Management is anxious to create liquidity for the Uni-Marts shareholders as
soon as possible.  We are therefore gratified to be able to offer the Uni-Marts
shareholders a cash price for their shares representing a significant premium
to the recent market price of the shares."

     Mr. Stephen B. Krumholz, Chairman of the Special Committee of the Uni-Marts
Board, stated, "The Committee has spent a great deal of time in the pursuit of a
strategic alternative which will provide the greatest benefit to Uni-Marts, its
shareholders and employees.  We feel that the merger with HFL will prove to be
the best alternative for all involved parties and look forward to the
consummation of the transaction."

     At June 2, 2003, Uni-Marts operated 294 convenience stores and Choice
Cigarette Discount Outlets in Pennsylvania, New York, Delaware, Maryland and
Virginia.  Self-service gasoline was sold at 238 of these locations.

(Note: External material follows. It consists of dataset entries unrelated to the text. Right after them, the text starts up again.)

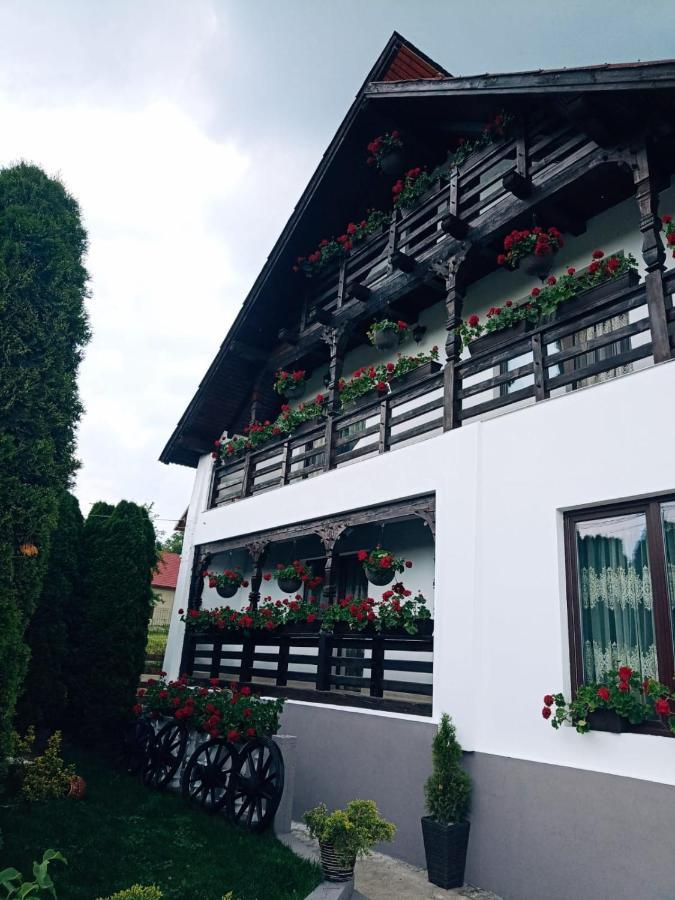 Pensiunea Casa Andreea - Barsana Maramures Bîrsana Exterior photo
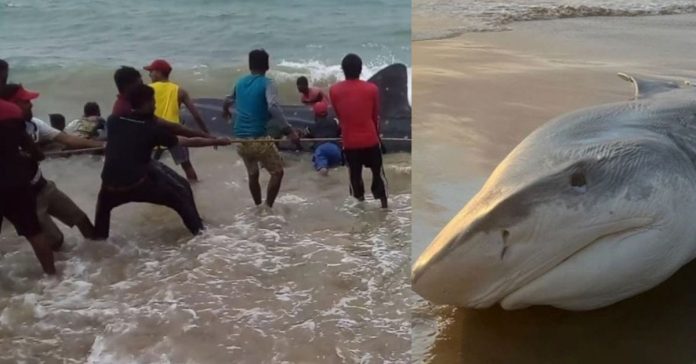 Giant shark சிறுவர்களுக்கான உலக செய்திகள்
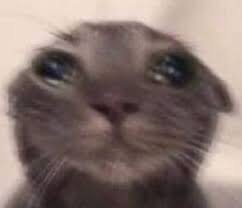 cat funny Meme Generator - Imgflip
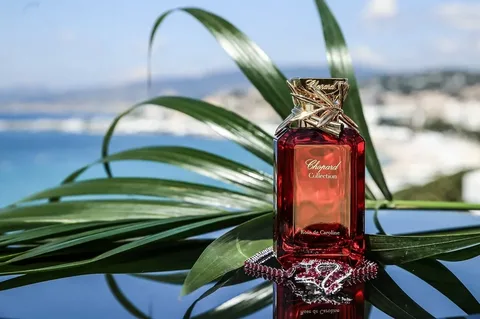 خرید ادکلن مردانه اصل فرانسه  با قیمت استثنایی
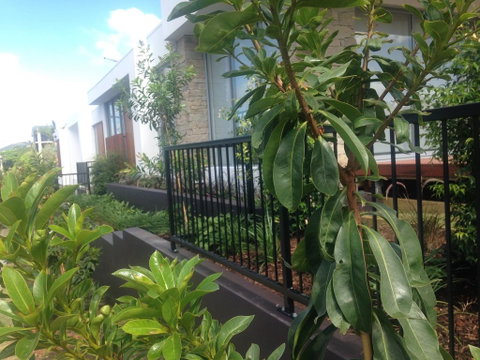 City Pads 2 - Accommodation Coffs Harbour 0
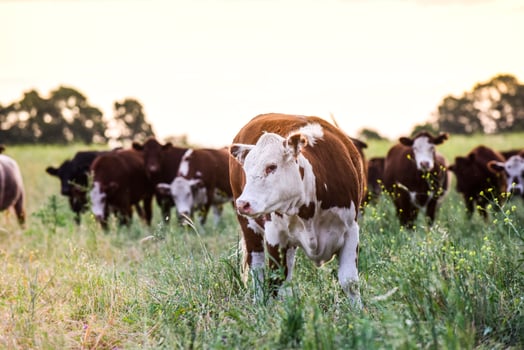 Cows raised with natural grass, Argentine meat production photo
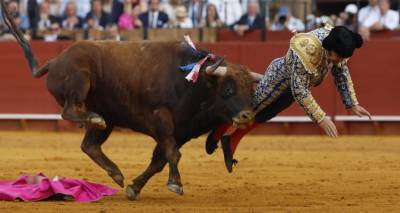 &Beta;ί&nu;&tau;&epsilon;&omicron;: &Tau;&alpha;ύ&rho;&omicron;&sigmaf; &kappa;ά&rho;&phi;&omega;&sigma;&epsilon; &sigma;&tau;&alpha; &omicron;&pi;ί&sigma;&theta;&iota;&alpha; &tau;&omicron;&nu; &laquo;&beta;&alpha;&sigma;&iota;&lambda;&iota;ά &tau;&omega;&nu; &tau;&alpha;&upsilon;&rho;&omicron;&mu;&alpha;&chi;&iota;ώ&nu;&raquo; &tau;&eta;&sigmaf; &Iota;&sigma;&pi;&alpha;&nu;ί&alpha;&sigmaf; -&Omicron; &phi;&rho;&iota;&chi;&tau;ό&sigmaf; &tau;&rho;&alpha;&upsilon;&mu;&alpha;&tau;&iota;&sigma;&mu;ό&sigmaf;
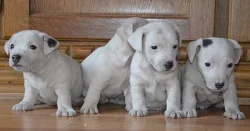 štěňátka jack russell terier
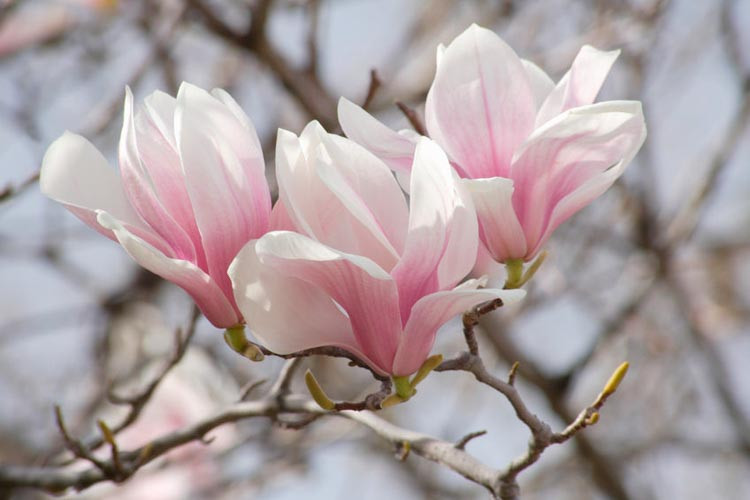 Magnolia × soulangeana Lilliputian, Lilliputian Saucer Magnolia, Lilliputian Tulip Magnolia, Lilliputian Chinese Magnolia, White magnolia, Pink magnolia, Winter flowers, Spring flowers, White flowers, Pink flowers, fragrant flowers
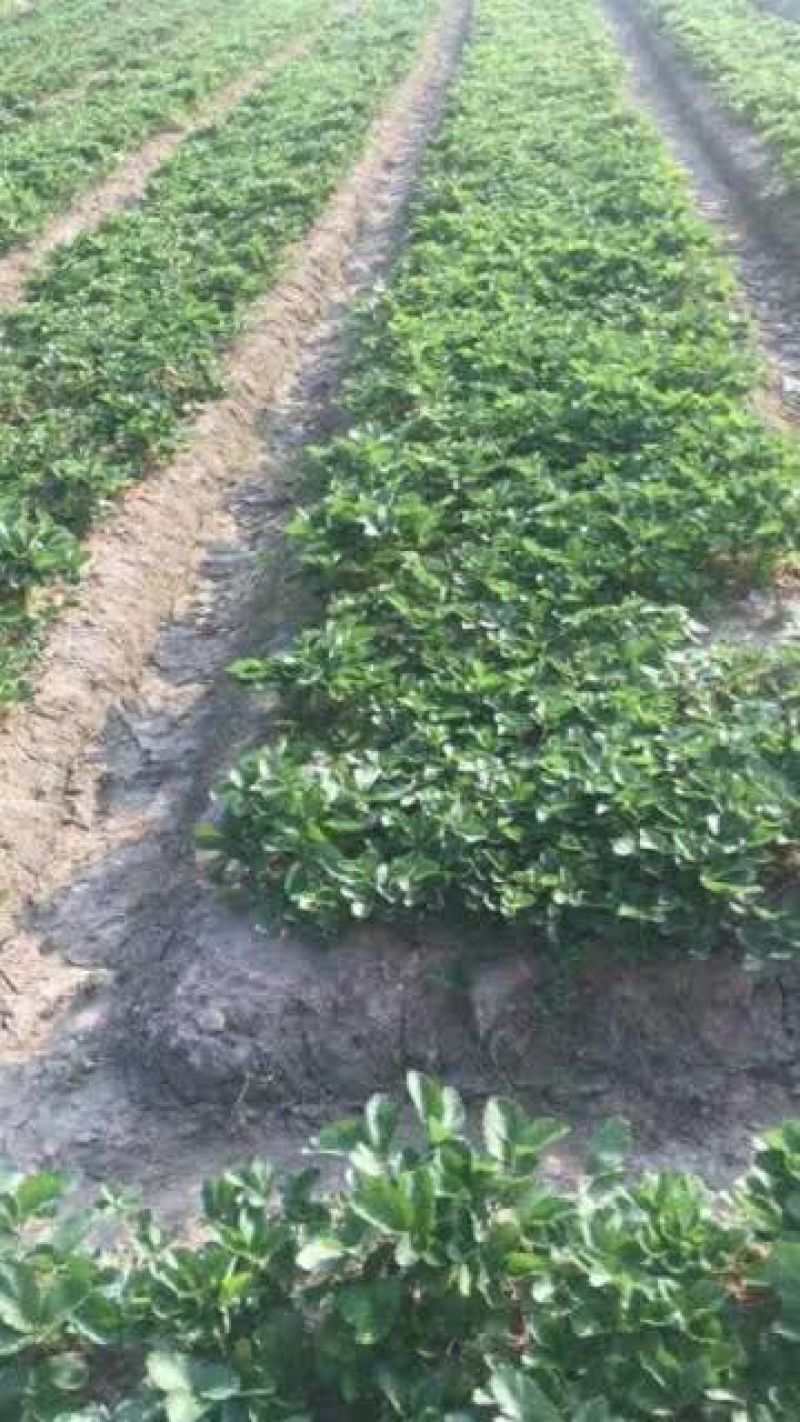 白雪公主种植基地草莓苗现挖现卖根系好保品种量大从优
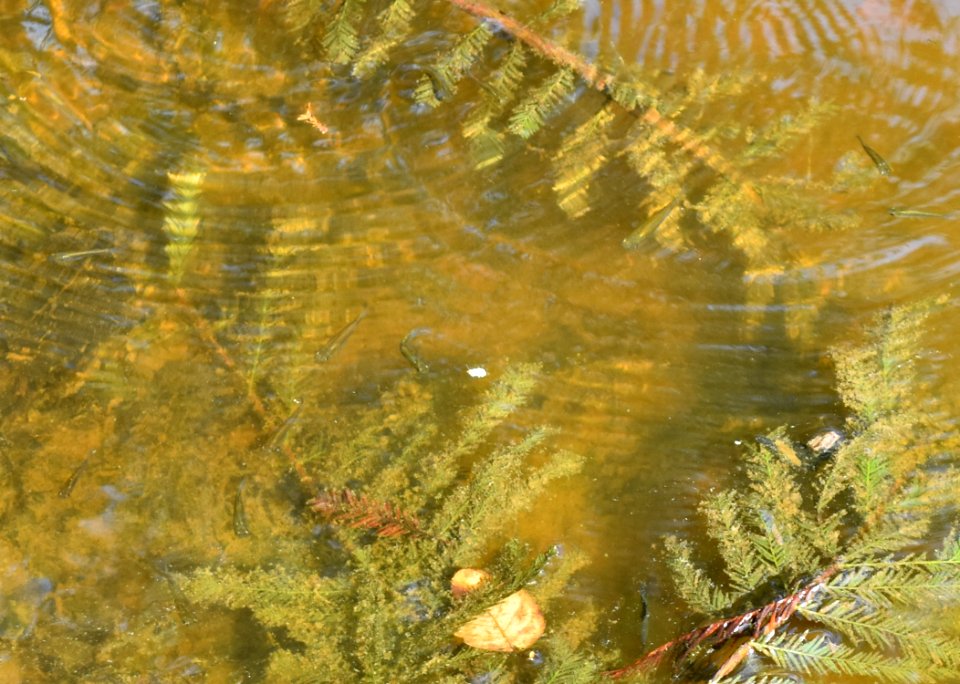 fish n parcel Lower Fishing Creek Gmlnd ncwetlands AM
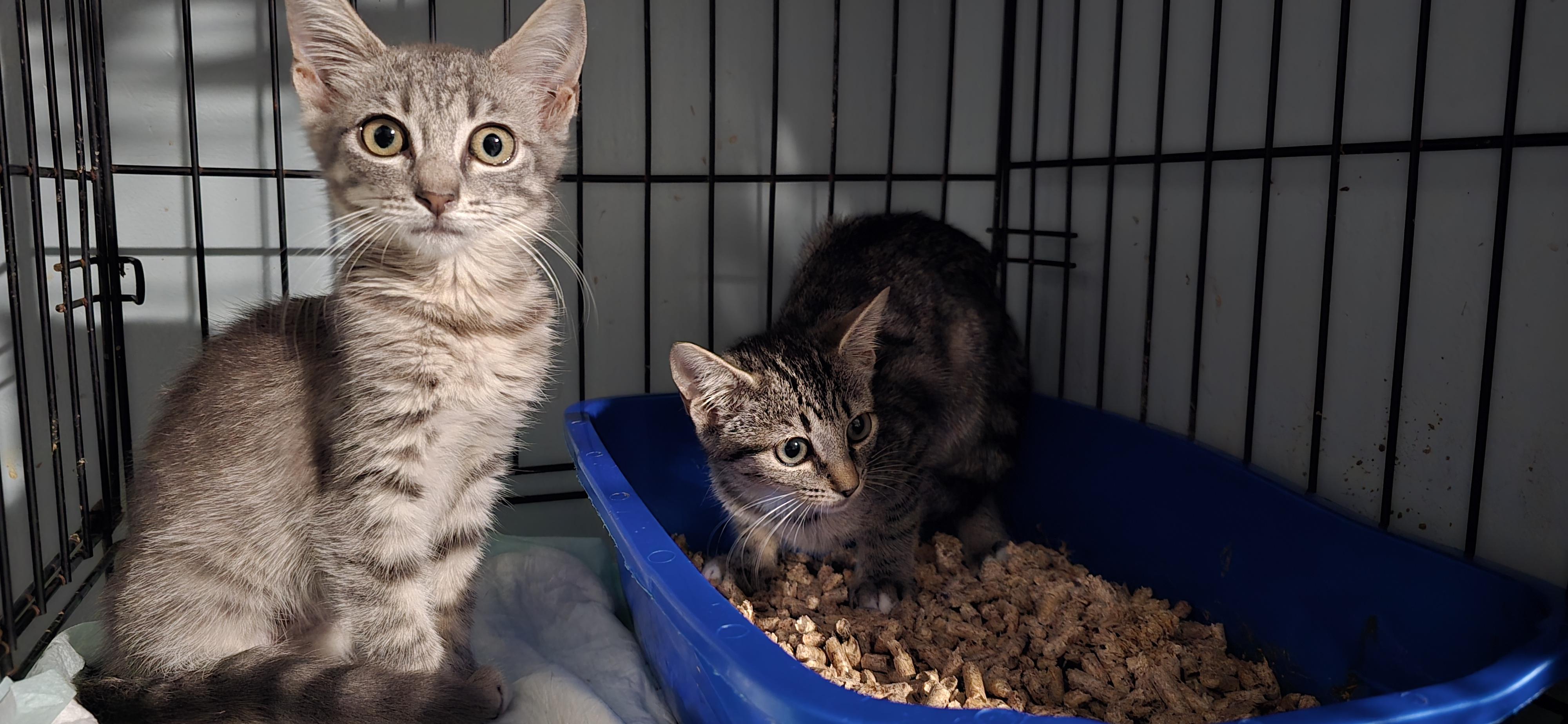 Enlarge Janice and Jenny, a Adoptable Tabby in Perth Amboy , NJ image 3/4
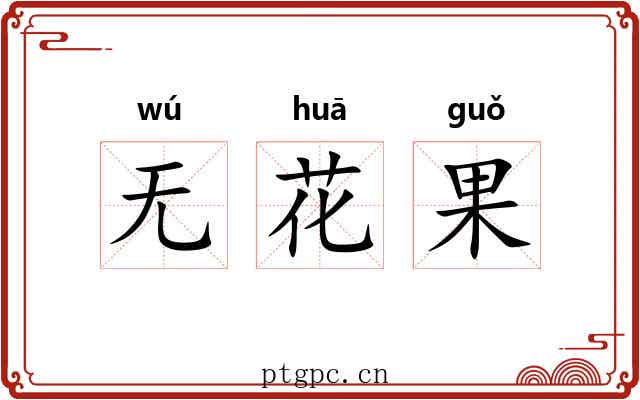 无花果 无花果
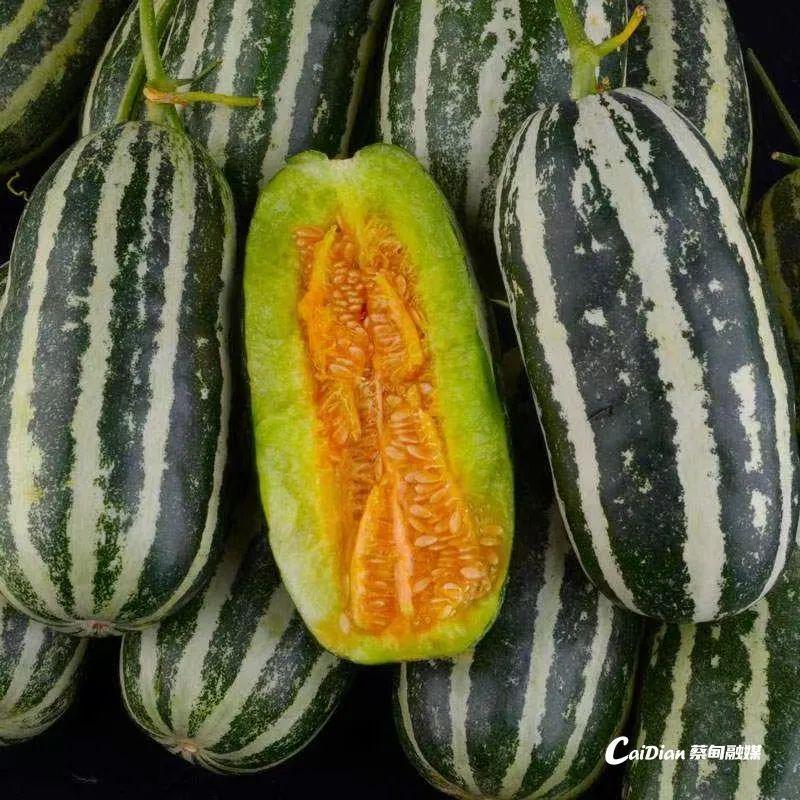 網(wǎng)紅最新瓜，一場溫馨有趣的日常故事揭秘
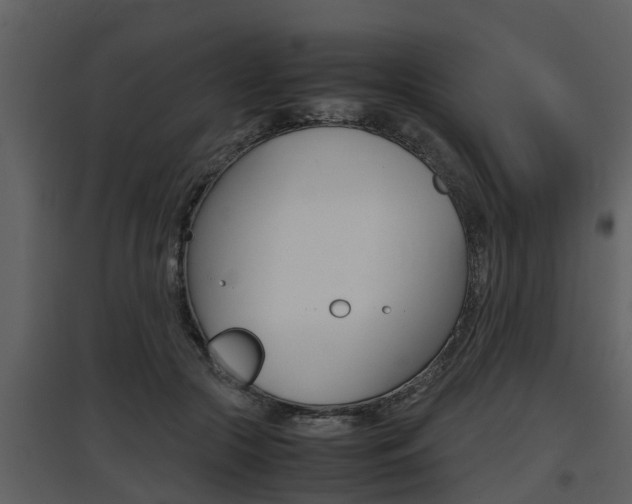 X0000097840553200803140837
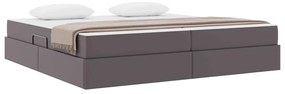 vidaXL Κρεβάτι με αποθηκευτικό χώρο και στρώμα 2 pcs Γκρι Δέρμα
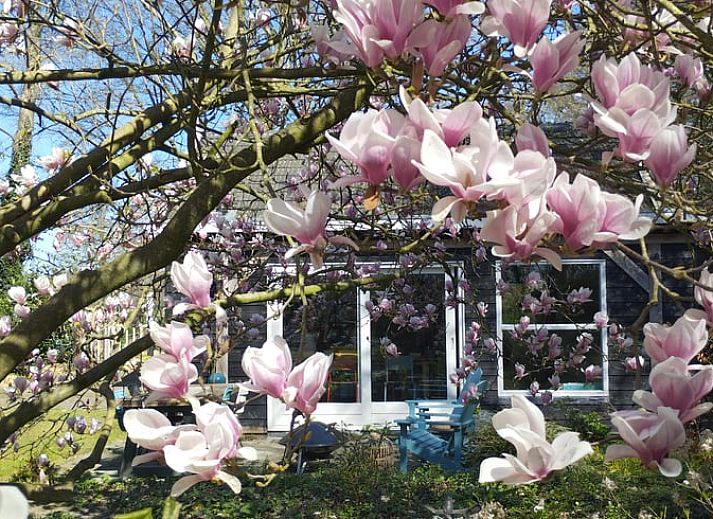 Guest house 533303 - Holiday property Salland - Vakantiehuisje in Wesepe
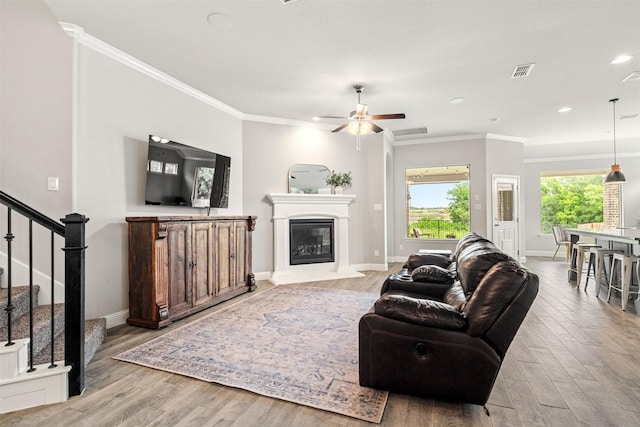 living room with crown molding, ceiling fan, and light hardwood / wood-style flooring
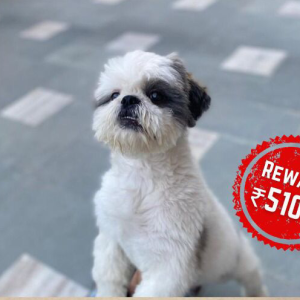 Missing: White Male Sihh tzu Dog from Moti Dungri Circle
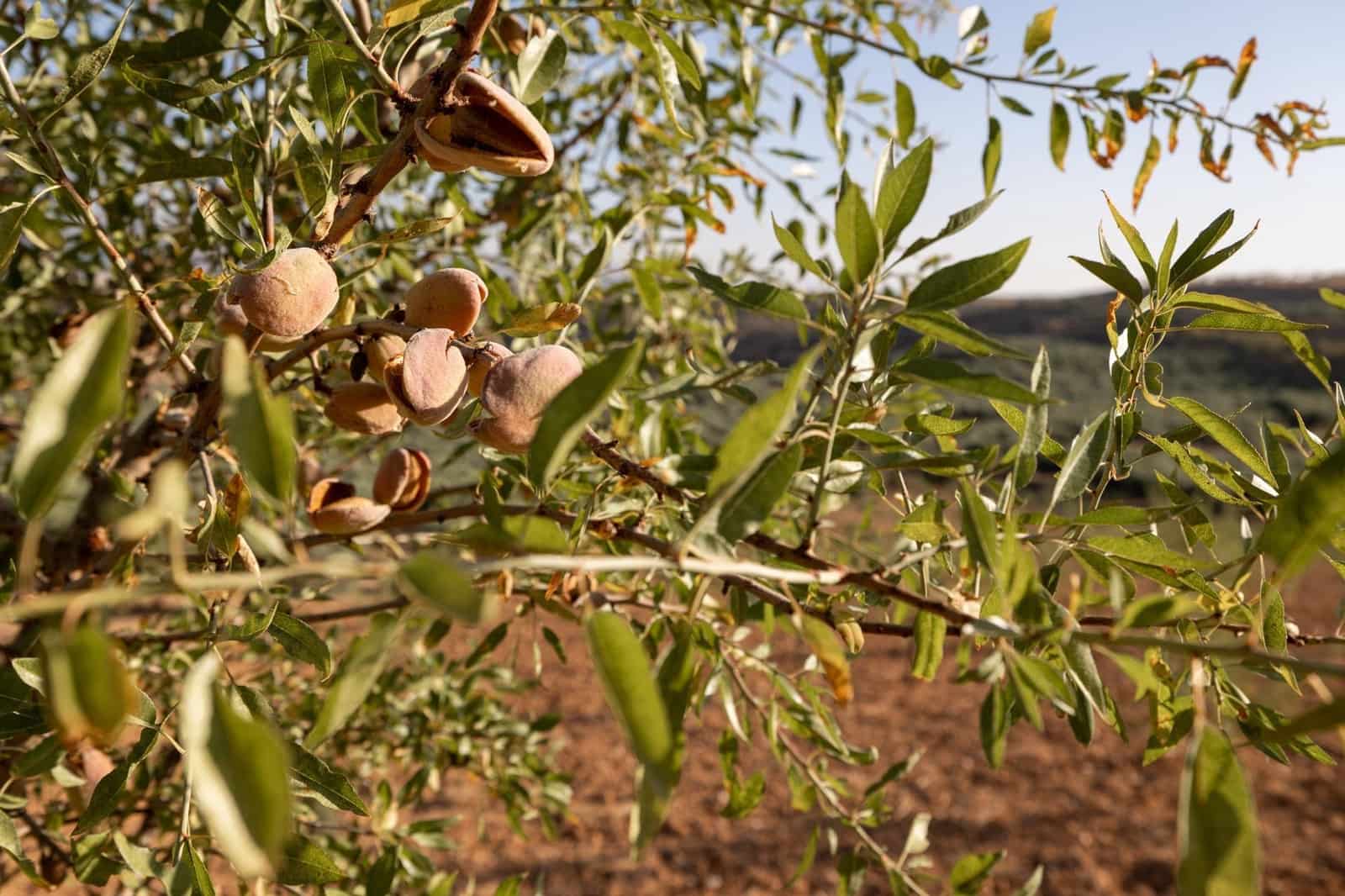 Terreno Não Urbanizado para venda em Cogollos Vega - 29 000 € (Ref: 9434517)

Certain statements contained in this release are forward looking.  Although
Uni-Marts, Inc. believes that its expectations are based on reasonable
assumptions within the bounds of its knowledge of its business and operations,
there can be no assurance that actual results will not differ materially from
its expectations.  The forward-looking statements include, but are not limited
to, statements related to the possibility of successful completion of any sale
transaction or enhancement of stockholder value.  Factors that could cause
actual results to differ from expectations include general economic, business
and market conditions, volatility of gasoline prices, merchandise margins,
customer traffic, weather conditions, labor costs and the level of capital
expenditures.  For other important factors that may cause actual results to
differ materially from expectations and underlying assumptions, see reports by
Uni-Marts, Inc. filed with the Securities and Exchange Commission.